A roar of outrage drowned out his voice. "Craven!" the Greatjon thundered.

"Begging for a truce will make us seem weak," declared Lord Henrik.

"Ransoms be damned, we must not give up the Kingslayer," shouted Rickard Karstark.

"Why not a peace?" Catelyn asks, her voice breaking through the shouts. Ismeme can only pity the innocence her mother held. She wished herself that peace was an option, but it wasn't. Not with the burning rage she felt inside that only made her want to enact revenge.

"Mother, they murdered my lord father, your husband," Darik says grimly. He unsheaths his sword and lays it on the table before him, the bright steel on the rough wood. "This is the only peace I have for Lannisters."

The Greatjon bellowed his approval, and other men added their voices, shouting and drawing swords and pounding their fists on the table. Catelyn waited until they had quieted.

"My lords," she says then, "Lord Eddard was your liege, but I shared his bed and bore his children. Do you think I love him any less than you?" Her voice almost broke with her grief, but Catelyn took a long breath and steadied herself. "Darik, if that sword could bring him back, I should never let you sheathe it until Ned stood at my side once more...but he is gone, and hundred Whispering Woods will not change that. Ned is gone, and Daryn Hornwood, and Lord Karstark's valiant sons, and many other good men besides, and none of them will return to us. Must we have more deaths still?"

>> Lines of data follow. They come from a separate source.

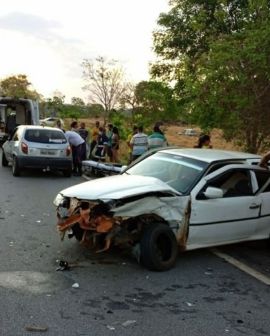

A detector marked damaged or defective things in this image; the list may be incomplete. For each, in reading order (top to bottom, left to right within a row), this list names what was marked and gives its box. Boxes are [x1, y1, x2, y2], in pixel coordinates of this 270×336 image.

severely damaged white car [53, 149, 270, 270] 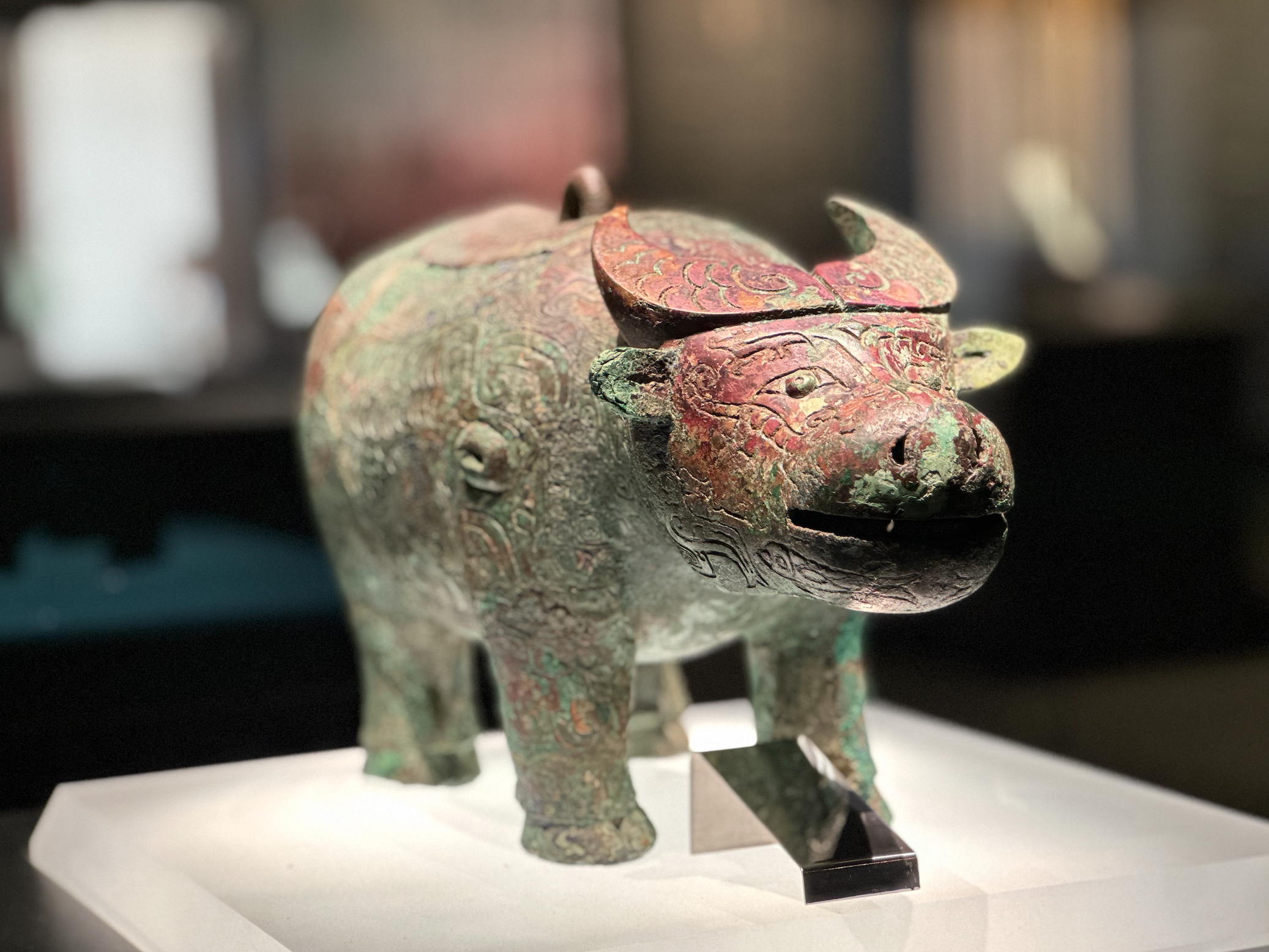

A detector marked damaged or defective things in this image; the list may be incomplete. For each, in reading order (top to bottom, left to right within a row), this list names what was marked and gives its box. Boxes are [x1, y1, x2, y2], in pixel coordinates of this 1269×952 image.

corroded bronze surface [302, 167, 1025, 868] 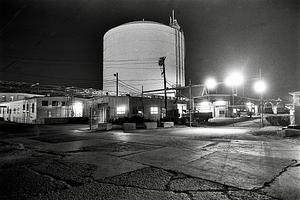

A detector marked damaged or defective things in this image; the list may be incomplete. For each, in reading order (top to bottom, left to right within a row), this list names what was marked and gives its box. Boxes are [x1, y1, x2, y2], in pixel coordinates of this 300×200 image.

cracked asphalt [0, 123, 300, 200] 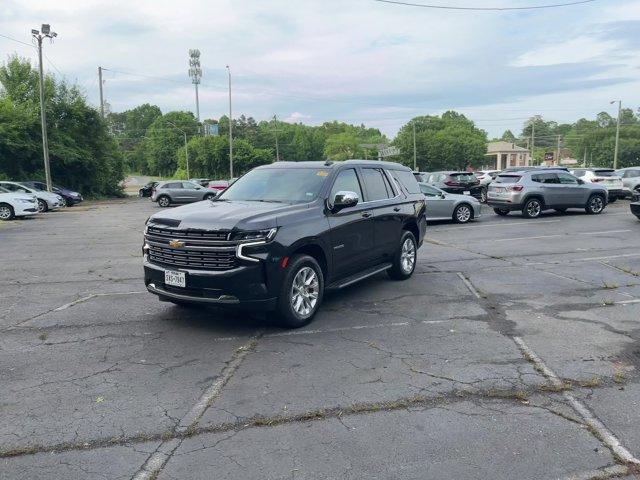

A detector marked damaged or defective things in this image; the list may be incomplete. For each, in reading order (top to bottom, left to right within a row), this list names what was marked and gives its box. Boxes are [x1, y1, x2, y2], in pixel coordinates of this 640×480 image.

"You are a woman, my lady," the Greatjon rumbles in his deep voice. "Women do not understand these things."

Aubrey looked to him, offended, her eyes as sharp as her tongue and arrowtips. "Care with your words, my lord. Lady Ismene and I are present for a reason."

"You are the gentle sex," Lord Karstark agrees, with the lines of grief fresh on his face. "A man has a need for vengeance."

"I may be weaker, without the strength of a man," Ismene growls, gaining the surprised looks from the other lord's as they'd never seen the woman act in such a way. "But I will do whatever it takes to avenge my father, even if it means lifting a sword myself." She could feel the burning rage inside.

Some of the lord's nodded in approval at the former Stark's bold words. "Lady Ismene appears to be as bold as the men," Henrik speaks up. "Perhaps she would be more useful in battle than those who wish to flee."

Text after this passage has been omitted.